By 1987 the waterfowl stamps were once again produced in two separate formats. In addition to the numbered stamps issued se-tenant with a small game and general game stamp (the waterfowl stamp is rouletted in black on two adjacent sides), stamps without serial numbers were printed and issued in booklet panes of five (1x5) with a tab at the top. The panes were rouletted horizontally between the stamps and between the stamps and the tab. The panes were plain rouletted (uncolored) in 1987, 1988, 1991, 1992 and 1993, and rouletted in color (black) the remaining years.
The supply of regular 1992 non-resident waterfowl stamps was exhausted before the end of the season. 1990 non-resident waterfowl stamp remainders were changed to 1992 with a ball point pen and put into use. In 1996 there were apparently two printings, as stamps have been recorded with both black rouletting (lower serial numbers) and plain rouletting (higher serial numbers). Used copies from the five-stamp panes prior to 1994 have serial numbers written in with a ball point pen. Starting in 1994, stamps issued in both formats have the serial numbers printed.
North Dakota experimented with point of sale (POS) or point of purchase (POP) as early as 1995. Following the 1995 season, the actual stamps were no longer printed in a se-tenant format, only booklet panes of five.
There were two printings in 2001. Stamps have been recorded on bluish-gray paper (lower serial numbers) and also the normal white paper (higher serial numbers). The series was discontinued following the 2002 season.
Utah Flaming Gorge Fishing Stamps
Starting in 1964, Utah required Wyoming fishermen fishing on the Utah side of Flaming Gorge Reservoir to purchase and affix a special stamp to their license. Wyoming reciprocally required Utah fishermen on the Wyoming side to purchase and affix a similar stamp and these can be seen here.
As described by E.L. Vanderford, the earlier issues featured an areal view of the dam and reservoir in brown on tan paper. They were valid for a calendar year. For 1965, 1966 and 1967, unused remainders of the 1964 stamp were overprinted with the current year of validity. In 1965 the year date was rubber stamped using both black and blue colors of ink. In 1966 and 1967 the year date was printed in red ink.
The 1968 stamps featured the seal of the Utah Fish and Game Commission printed in the center in yellow-green ink on white matte paper. Those issued from 1969 through 1978 featured the seal for the Great State of Utah in several different colors on white matte paper. In 1978 there were two distinct printings. The first printing featured a blue seal and blue serial number. The second printing featured a pink seal and red serial number.
In 1979 the stamps were similar to those from 1968 – 1978 but featured the new Department of Wildlife Resources seal. Again, there were two distinct printings. The color of the seal was the same on both, however, the font and color of the serial number was different.
Starting in 1980, several changes were made.
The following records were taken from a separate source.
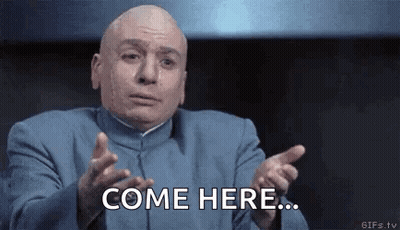 Bald Man In Blue Suit Saying Come Here GIF
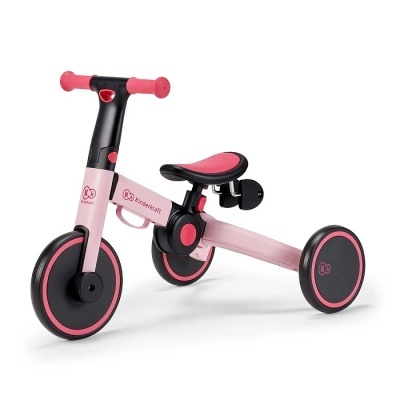 Triciclo infantil rosa e preto com roda dianteira maior e duas rodas traseiras, assento preto com rosa e guiador com punhos rosa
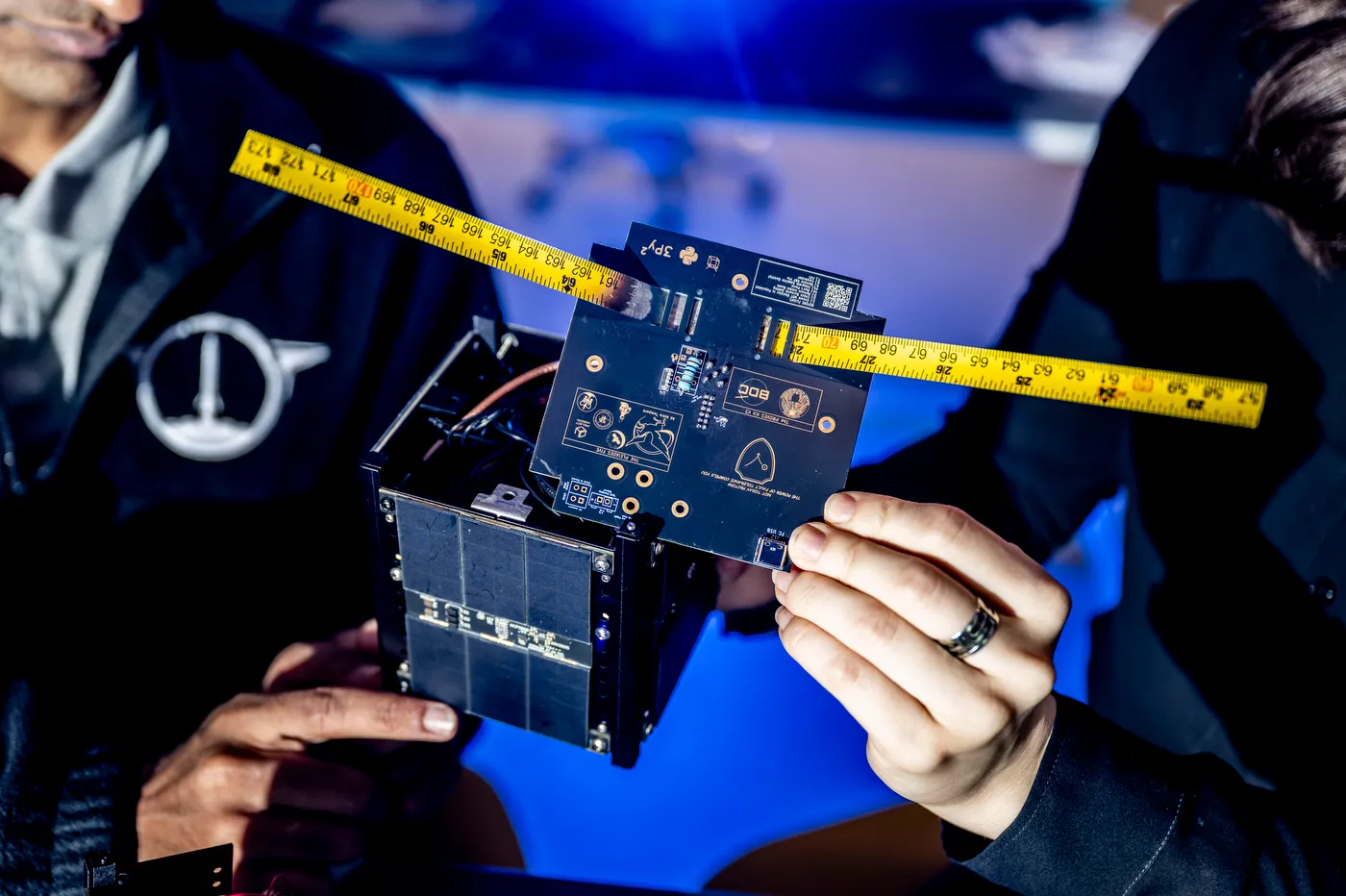 Two students hold a CubeSat and a black circuit board between them, with yellow tape measures extended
The validity period changed to a fiscal year, the stamps were enlarged and printed on colored (often coated) paper with a repeating Wildlife Resources seal. This brought to an end the classic period for the Utah Flaming Gorge Fishing series.
As with the Flaming Gorge Fishing stamps issued by the state of Wyoming, very few pioneer fish and game collectors knew of the existence of these stamps until E.L. Vanderford updated Joseph Janousek's fish and game listings in a column in The State Revenue Newsletter (SRS) starting in September of 1967.
As SRS editor (and fellow fish and game collector) Ken Pruess and Vanderford published the updated information state by state, in alphabetical order over a period of six years, by the time they got to Utah and Wyoming – many of the earlier stamps had already been destroyed. As a result, most of the stamps in this gallery were originally collected by Pruess and Vanderford, themselves.
Utah Lake Powell Fishing Stamps
Also in 1964, Utah began requiring both resident and non resident sportsmen intending to fish on nascent Lake Powell to first purchase a special stamp and affix it to their license. Lake Powell is actually a man-made reservoir straddling the Utah-Arizona border. When completed, the majority of the lake was within the State of Utah.
The 1964 stamps featured the seal of the Fish and Game Commission printed in light red ink on deep yellow paper with red serial numbers. Like the classic Flaming Gorge Fishing stamps, they were valid for a calendar year. No Lake Powell Fishing stamps were issued in 1965 or 1966.
Starting in 1967, the stamps were only required of sportsmen fishing on the areas of the lake which were included inside the Utah border. The 1967 stamps featured the seal for The Great State of Utah in blue ink on white matte paper. The year date was not printed on the stamps, in error.
The 1967 year date was applied with a rubber stamp, using black and blue inks. At least one resident stamp has been recorded with the year date missing. It is in used condition and has been removed from a license. A relatively small number of non resident stamps have been recorded with the serial number missing in unused condition.
The seal for the Fish and Game Commission was used again in 1968. Stamps printed from 1969 through 1976 featured the seal for the Great State of Utah printed in a variety of different colors on white matte paper.
After 1975, stamps were only required to be purchased by resident sportsmen. In 1977 there were two printings. The first featured the seal for the Great State of Utah printed in brown ink on white matte paper with brown serial numbers. The second was discovered by Ken Pruess and is exactly the same except it was printed on bluish-gray matte paper.
As with the Flaming Gorge stamps, 1979 Lake Powell stamps were similar to previous years but featured the new Department of Natural Resources seal. 1980 saw the same changes as with the Flaming Gorge series and the classic period for both series ended.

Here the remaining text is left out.